Why abstinence-only sex ed simply doesn’t work

By Matthew Lynch

When I first saw the headline, I thought it was too ironic to be true: Texas school teaching abstinence-only sex ed suffers chlamydia outbreak.

I would’ve probably even laughed if I hadn’t realized quickly that it was not only true, but that it meant dozens of kids now had to deal with the discomfort and potential long-term harm of a sexually transmitted disease. These are kids that were clearly not practicing abstinence and were ill-prepared for real-life sexual encounters. It isn’t the fault of these kids, either.

It is irresponsible of school systems to teach abstinence-only sexual education and it should be illegal in public schools.

Should abstinence be taught as the only sure way to avoid things like unplanned pregnancies and STDs? Of course it should because it IS the only absolute way. But that abstinence extends beyond basic sexual intercourse. Students need to understand exactly all the ways they can be harmed by unprotected sex and then given the power to protect themselves.
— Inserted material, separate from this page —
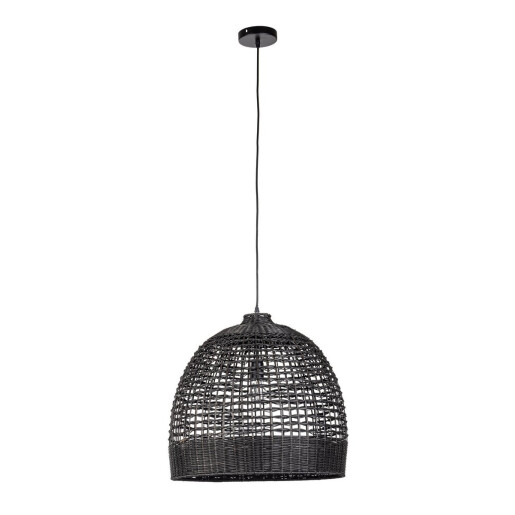 Lustra ratan negru Siwa 53x48.5 cm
The argument that parents should be the only ones to talk to their kids about sexual options just doesn’t cut it because it is elitist. It only works for students whose parents have the time or concern to actually sit down with their kids and have that talk. It leaves out the many students whose parents won’t actually have this talk with their kids or the ones who will preach abstinence-only. Schools have the responsibility to educate to their best of their abilities, and let’s face it: abstinence-only sex ed fails that mantra miserably.

What do you think? Should public schools be required to teach safe sex practices?